_Task to carry out_:
All lines of the listing below must be reproduced character for character.

========

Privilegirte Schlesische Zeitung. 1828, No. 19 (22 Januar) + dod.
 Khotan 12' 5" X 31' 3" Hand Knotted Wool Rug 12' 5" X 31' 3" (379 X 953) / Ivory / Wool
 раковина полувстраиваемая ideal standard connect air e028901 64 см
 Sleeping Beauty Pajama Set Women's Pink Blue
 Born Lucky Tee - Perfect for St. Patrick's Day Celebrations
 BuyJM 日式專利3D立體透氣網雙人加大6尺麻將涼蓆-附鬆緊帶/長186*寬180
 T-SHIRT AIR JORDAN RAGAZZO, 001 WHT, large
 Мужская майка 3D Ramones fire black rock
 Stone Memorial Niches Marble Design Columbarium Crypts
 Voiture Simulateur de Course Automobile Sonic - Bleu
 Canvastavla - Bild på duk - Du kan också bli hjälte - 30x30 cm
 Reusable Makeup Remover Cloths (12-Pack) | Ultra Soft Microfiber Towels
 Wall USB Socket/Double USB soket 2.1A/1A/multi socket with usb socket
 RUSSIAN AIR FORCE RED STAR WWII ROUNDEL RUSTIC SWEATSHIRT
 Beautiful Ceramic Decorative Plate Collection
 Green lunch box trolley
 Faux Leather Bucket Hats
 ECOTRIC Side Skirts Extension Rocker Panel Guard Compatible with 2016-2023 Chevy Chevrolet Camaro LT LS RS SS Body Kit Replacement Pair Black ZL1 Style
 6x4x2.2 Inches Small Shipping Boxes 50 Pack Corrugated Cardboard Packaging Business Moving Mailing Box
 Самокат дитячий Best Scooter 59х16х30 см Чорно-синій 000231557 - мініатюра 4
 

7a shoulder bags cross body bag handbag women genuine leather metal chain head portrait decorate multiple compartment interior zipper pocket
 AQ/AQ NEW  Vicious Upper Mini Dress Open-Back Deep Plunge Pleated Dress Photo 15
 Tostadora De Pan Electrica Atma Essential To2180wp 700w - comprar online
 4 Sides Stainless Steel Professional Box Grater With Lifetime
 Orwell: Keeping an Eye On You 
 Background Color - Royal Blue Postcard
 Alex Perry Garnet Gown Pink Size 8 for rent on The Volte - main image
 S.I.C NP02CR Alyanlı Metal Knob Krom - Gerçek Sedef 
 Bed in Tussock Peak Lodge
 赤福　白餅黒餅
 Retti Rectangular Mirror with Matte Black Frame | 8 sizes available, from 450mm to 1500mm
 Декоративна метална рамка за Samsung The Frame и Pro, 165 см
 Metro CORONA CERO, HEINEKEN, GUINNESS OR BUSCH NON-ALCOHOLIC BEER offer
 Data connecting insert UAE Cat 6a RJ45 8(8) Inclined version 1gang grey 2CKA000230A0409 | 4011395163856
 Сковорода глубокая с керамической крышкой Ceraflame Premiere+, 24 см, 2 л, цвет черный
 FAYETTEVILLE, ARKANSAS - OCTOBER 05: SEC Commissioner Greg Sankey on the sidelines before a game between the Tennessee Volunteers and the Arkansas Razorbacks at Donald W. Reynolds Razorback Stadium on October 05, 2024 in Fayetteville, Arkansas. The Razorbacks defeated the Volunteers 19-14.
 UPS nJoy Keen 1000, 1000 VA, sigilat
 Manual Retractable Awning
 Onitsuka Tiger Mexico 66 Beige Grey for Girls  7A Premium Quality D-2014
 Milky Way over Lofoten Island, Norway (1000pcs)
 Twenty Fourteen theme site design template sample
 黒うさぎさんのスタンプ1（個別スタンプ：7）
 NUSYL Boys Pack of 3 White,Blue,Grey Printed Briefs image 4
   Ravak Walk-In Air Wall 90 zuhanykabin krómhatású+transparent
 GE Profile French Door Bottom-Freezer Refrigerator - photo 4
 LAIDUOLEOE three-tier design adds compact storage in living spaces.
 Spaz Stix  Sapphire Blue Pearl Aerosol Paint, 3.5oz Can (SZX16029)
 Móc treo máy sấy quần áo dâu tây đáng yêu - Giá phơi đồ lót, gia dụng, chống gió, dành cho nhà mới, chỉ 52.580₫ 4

========

_Solution for this problem_:
Privilegirte Schlesische Zeitung. 1828, No. 19 (22 Januar) + dod.
 Khotan 12' 5" X 31' 3" Hand Knotted Wool Rug 12' 5" X 31' 3" (379 X 953) / Ivory / Wool
 раковина полувстраиваемая ideal standard connect air e028901 64 см
 Sleeping Beauty Pajama Set Women's Pink Blue
 Born Lucky Tee - Perfect for St. Patrick's Day Celebrations
 BuyJM 日式專利3D立體透氣網雙人加大6尺麻將涼蓆-附鬆緊帶/長186*寬180
 T-SHIRT AIR JORDAN RAGAZZO, 001 WHT, large
 Мужская майка 3D Ramones fire black rock
 Stone Memorial Niches Marble Design Columbarium Crypts
 Voiture Simulateur de Course Automobile Sonic - Bleu
 Canvastavla - Bild på duk - Du kan också bli hjälte - 30x30 cm
 Reusable Makeup Remover Cloths (12-Pack) | Ultra Soft Microfiber Towels
 Wall USB Socket/Double USB soket 2.1A/1A/multi socket with usb socket
 RUSSIAN AIR FORCE RED STAR WWII ROUNDEL RUSTIC SWEATSHIRT
 Beautiful Ceramic Decorative Plate Collection
 Green lunch box trolley
 Faux Leather Bucket Hats
 ECOTRIC Side Skirts Extension Rocker Panel Guard Compatible with 2016-2023 Chevy Chevrolet Camaro LT LS RS SS Body Kit Replacement Pair Black ZL1 Style
 6x4x2.2 Inches Small Shipping Boxes 50 Pack Corrugated Cardboard Packaging Business Moving Mailing Box
 Самокат дитячий Best Scooter 59х16х30 см Чорно-синій 000231557 - мініатюра 4
 

7a shoulder bags cross body bag handbag women genuine leather metal chain head portrait decorate multiple compartment interior zipper pocket
 AQ/AQ NEW  Vicious Upper Mini Dress Open-Back Deep Plunge Pleated Dress Photo 15
 Tostadora De Pan Electrica Atma Essential To2180wp 700w - comprar online
 4 Sides Stainless Steel Professional Box Grater With Lifetime
 Orwell: Keeping an Eye On You 
 Background Color - Royal Blue Postcard
 Alex Perry Garnet Gown Pink Size 8 for rent on The Volte - main image
 S.I.C NP02CR Alyanlı Metal Knob Krom - Gerçek Sedef 
 Bed in Tussock Peak Lodge
 赤福　白餅黒餅
 Retti Rectangular Mirror with Matte Black Frame | 8 sizes available, from 450mm to 1500mm
 Декоративна метална рамка за Samsung The Frame и Pro, 165 см
 Metro CORONA CERO, HEINEKEN, GUINNESS OR BUSCH NON-ALCOHOLIC BEER offer
 Data connecting insert UAE Cat 6a RJ45 8(8) Inclined version 1gang grey 2CKA000230A0409 | 4011395163856
 Сковорода глубокая с керамической крышкой Ceraflame Premiere+, 24 см, 2 л, цвет черный
 FAYETTEVILLE, ARKANSAS - OCTOBER 05: SEC Commissioner Greg Sankey on the sidelines before a game between the Tennessee Volunteers and the Arkansas Razorbacks at Donald W. Reynolds Razorback Stadium on October 05, 2024 in Fayetteville, Arkansas. The Razorbacks defeated the Volunteers 19-14.
 UPS nJoy Keen 1000, 1000 VA, sigilat
 Manual Retractable Awning
 Onitsuka Tiger Mexico 66 Beige Grey for Girls  7A Premium Quality D-2014
 Milky Way over Lofoten Island, Norway (1000pcs)
 Twenty Fourteen theme site design template sample
 黒うさぎさんのスタンプ1（個別スタンプ：7）
 NUSYL Boys Pack of 3 White,Blue,Grey Printed Briefs image 4
   Ravak Walk-In Air Wall 90 zuhanykabin krómhatású+transparent
 GE Profile French Door Bottom-Freezer Refrigerator - photo 4
 LAIDUOLEOE three-tier design adds compact storage in living spaces.
 Spaz Stix  Sapphire Blue Pearl Aerosol Paint, 3.5oz Can (SZX16029)
 Móc treo máy sấy quần áo dâu tây đáng yêu - Giá phơi đồ lót, gia dụng, chống gió, dành cho nhà mới, chỉ 52.580₫ 4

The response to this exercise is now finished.